Daniels gives one of the creepiest performances of the year as he explains that he’s watched Tris literally since birth and how excited he is that she made it to him so they can try to replicate her perfect jeans, err, genes. See, the rest of Chicago is “damaged” except for Tris, and now, David can use her DNA to create more perfect people. If any of this sounds disorderly, you’ve probably read the book. Having skimmed through the Wikipedia page, there have been some major changes. Good luck with this one fans, you’re just about the only ones who can give a glimmer of hope for a quality finale.

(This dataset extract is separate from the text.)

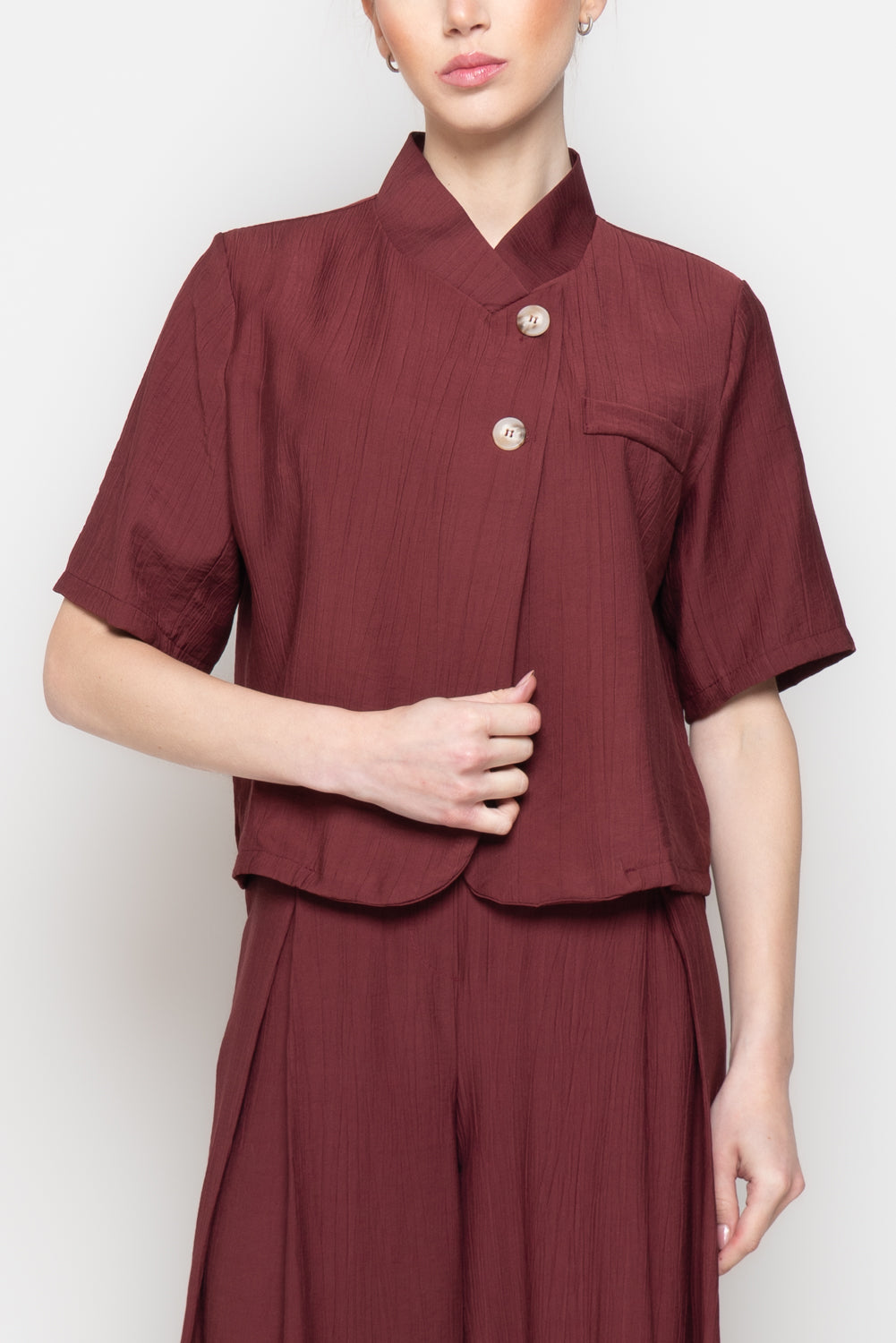 Blusa a mezze maniche con scollo incrociato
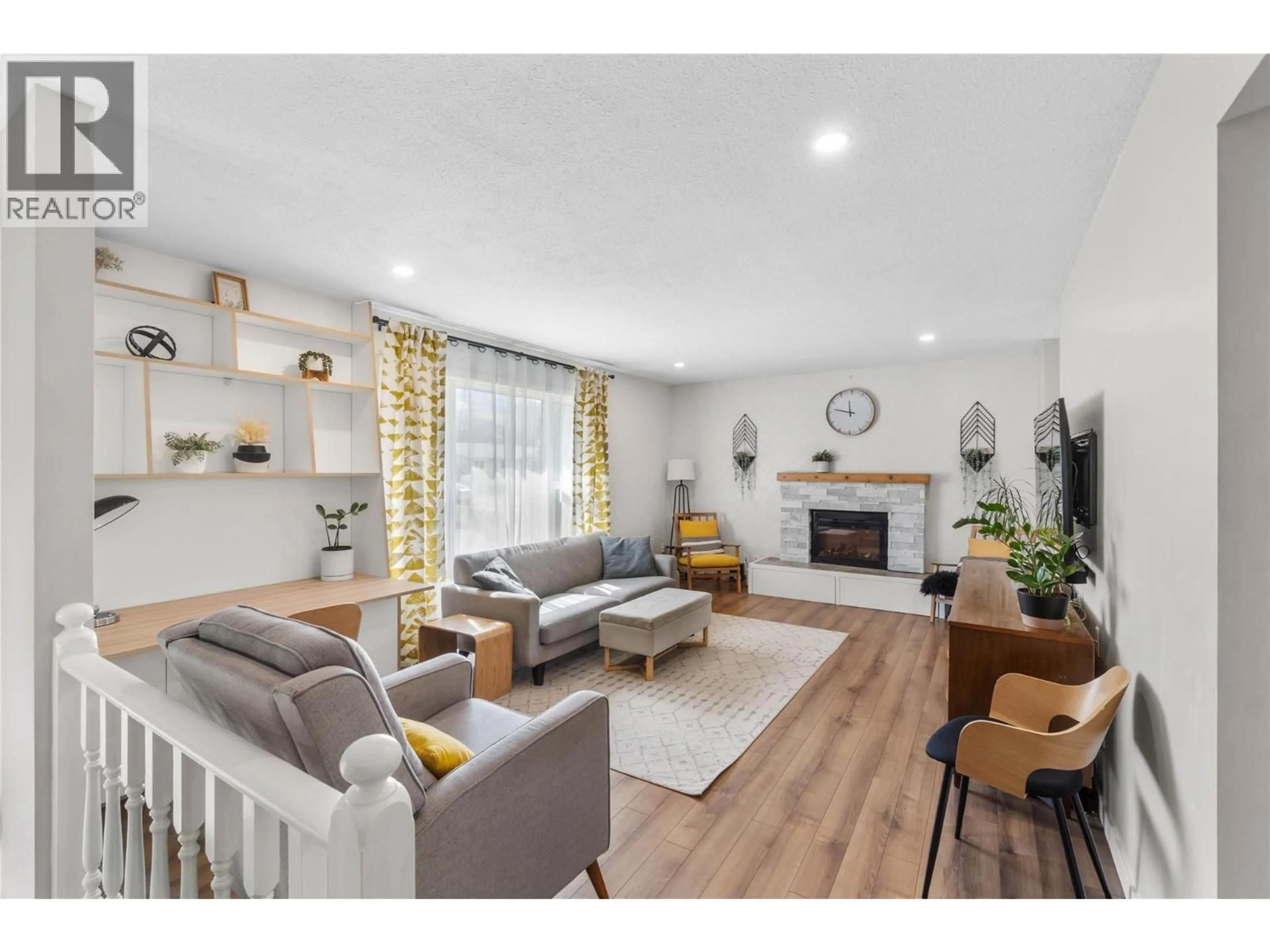 Living room with furniture, wood/laminate floor for 4857 BOLEAN DRIVE, Kamloops British Columbia V2H1M3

As for Schwentke & Co., the rest of us are out of luck. If history repeats itself — fingers crossed — this will make even less money than Insurgent (which made less than the original) and the final film — Ascendent — can finally put the whole series out to pasture where it belongs. Our only hope lies in the hands of new director Lee Toland Krieger with Schwentke dropping out to take a “breather” after shooting Insurgent and Allegiant back-to-back. There’s no doubt it was actually due to him dropping such a turd in Summit Entertainment’s lap. Maybe we will be the ones who can take a deep breath of relief if Krieger manages to send the finale out with a bang instead of a whimper. Fingers crossed, but don’t hold your breath.